Richemont plans to spend up to €2.69 billion ($3.3 billion) to gain total control of Yoox Net-a-Porter, the online luxury conglomerate formed by the 2015 merger of Net-a-Porter, a London-based designer fashion website, and Yoox, an Italian fashion and tech company. Richemont already owned about half of the company, having acquired a controlling stake in Net-a-Porter in 2010. The offer values Yoox Net-a-Porter Group, or YNAP, at €38 a share, a 26% premium on its previous close, and the company at about €5 billion.

Unlike other retailers that have struggled to fend off Amazon and transition from brick-and-mortar to online, Richemont has built a strong presence in online luxury. Since the merger, YNAP has blossomed into a global online powerhouse for luxury goods, with sales growth above 17% in each of the last five quarters.

YNAP’s premise is simple: Luxury transcends boundaries. “Today, we open the doors to the world’s biggest luxury fashion store,” Net-a-Porter founder Natalie Massenet said at the time of the 2015 merger. “It is a store that never closes, a store without geographical borders, a store that connects with, inspires, serves, and offers millions of style-conscious global consumers access to the finest designer labels in fashion.”

YNAP does most of its business outside the US—in Europe, and some in the Asia-Pacific region. Amazon isn’t an obvious competitor, but like any savvy corporation, Richemont has kept an eye on it. In 2015, Richemont chairman Johann Rupert invited European luxury conglomerate LVMH to join it in building a luxury marketplace that could compete with the likes of Amazon. Rupert reportedly offered LVMH and apparel maker Kering equity in exchange for a commitment to sell on the YNAP platform.

The company has also specialized in designing websites for luxury brands, and built a logistics operation that delivers good to shoppers in days. YNAP manages online flagship stores for brands including Kering, Ferrari, Armani, and Chloe. Scaling luxury online is inherently tricky, since to be prestigious these goods typically also must be expensive and scarce.

That might also explain why Amazon, the proverbial Everything Store, has struggled to break into luxury. Amazon’s customer-obsessed business is devoted to making goods more available, not less. Amazon relentlessly drives down prices and increases its own inventory. The company even has a collection of its own brands that range from clothing to handbags to cleaning products.

Amazon has tried to get into luxury, but brands so far aren’t interested.

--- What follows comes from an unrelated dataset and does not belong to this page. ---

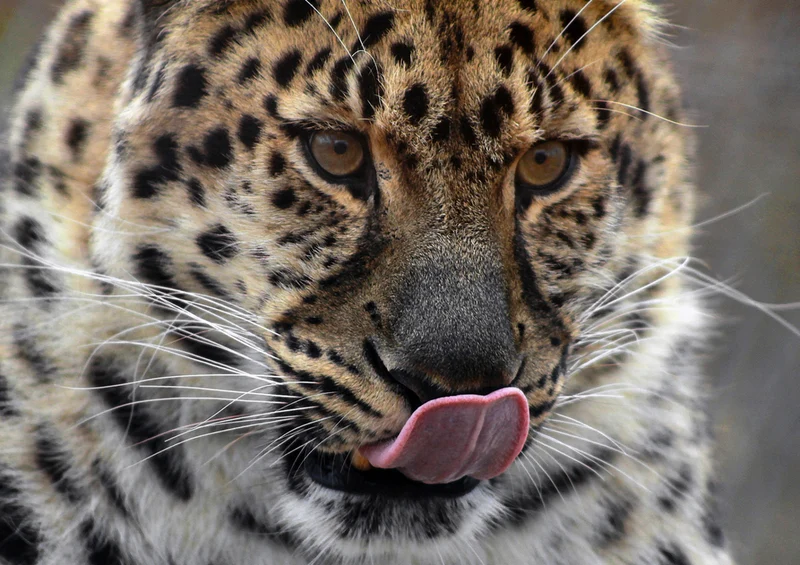 74864 Tierwelt - Leopard Puzzle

In 2016, LVMH said there was “no way” it would do business with Amazon. “We believe the business of Amazon does not fit with LVMH, full stop,” chief financial officer Jean-Jacques Guiony told investors on a conference call. German sandal maker Birkenstock cut ties with Amazon that same year, saying the company created “an environment where we experience unacceptable business practices which we believe jeopardize our brand.” Swatch Group reportedly stopped talks to sell high-end watches on Amazon last year, after the company wouldn’t commit to proactively policing its site for counterfeits and sales from unauthorized merchants.

It’s not every day that Amazon shows areas of weakness. Luxury is one of them. No wonder Richemont is doubling down.